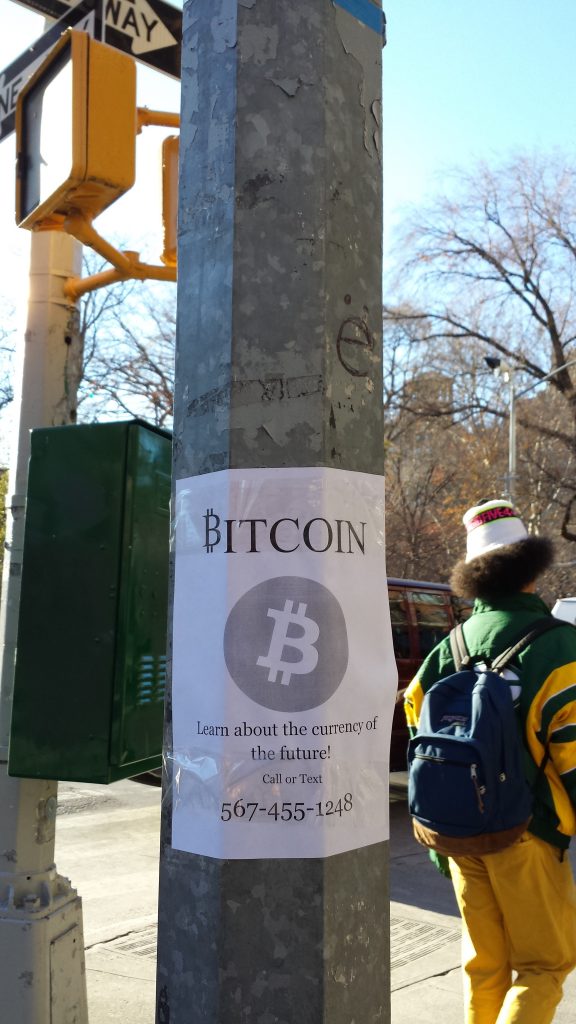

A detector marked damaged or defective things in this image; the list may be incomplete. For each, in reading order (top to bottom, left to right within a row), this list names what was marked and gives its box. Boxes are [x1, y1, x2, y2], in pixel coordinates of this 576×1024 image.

peeling paint on pole [155, 2, 389, 1015]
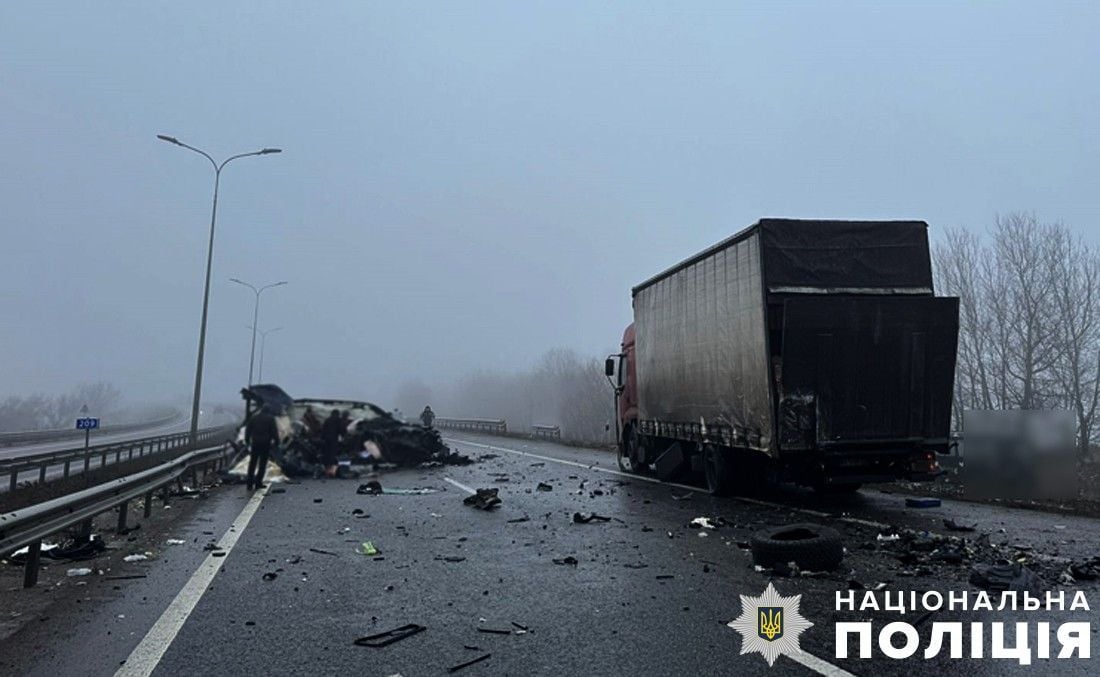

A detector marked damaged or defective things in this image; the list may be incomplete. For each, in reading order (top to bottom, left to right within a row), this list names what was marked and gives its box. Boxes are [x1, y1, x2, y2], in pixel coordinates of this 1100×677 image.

burned vehicle [237, 382, 466, 478]
detached tire [756, 524, 848, 572]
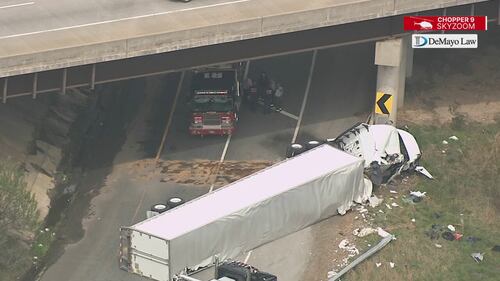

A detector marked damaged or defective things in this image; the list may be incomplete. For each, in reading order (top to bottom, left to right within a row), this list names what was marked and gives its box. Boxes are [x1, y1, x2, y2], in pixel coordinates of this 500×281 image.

=======

#### GOAL OF THE EXERCISE
With the pictures removed, repeat the listing above exactly as it stands.

#### YOUR SOLUTION
A detector marked damaged or defective things in this image; the list may be incomplete. For each, in reading order (top to bottom, left to right within a row), this list names what was marked and gives its box. Boxes are [x1, y1, x2, y2], in pixel coordinates of this 576×1024 image.

peeling paint on pole [155, 2, 389, 1015]

A detector marked damaged or defective things in this image; the list may be incomplete. For each, in reading order (top to bottom, left to right within a row), this list names what was marked and gives its box. Boxes are [x1, y1, x2, y2], in pixel coordinates of this 1100×677 image.

burned vehicle [237, 382, 466, 478]
detached tire [756, 524, 848, 572]

A detector marked damaged or defective things in this image; the list may be incomplete. For each, in reading order (top to bottom, left to right within a row), this list names what was marked and gives its box. Boxes are [x1, y1, x2, y2], in pixel coordinates of this 500×281 image.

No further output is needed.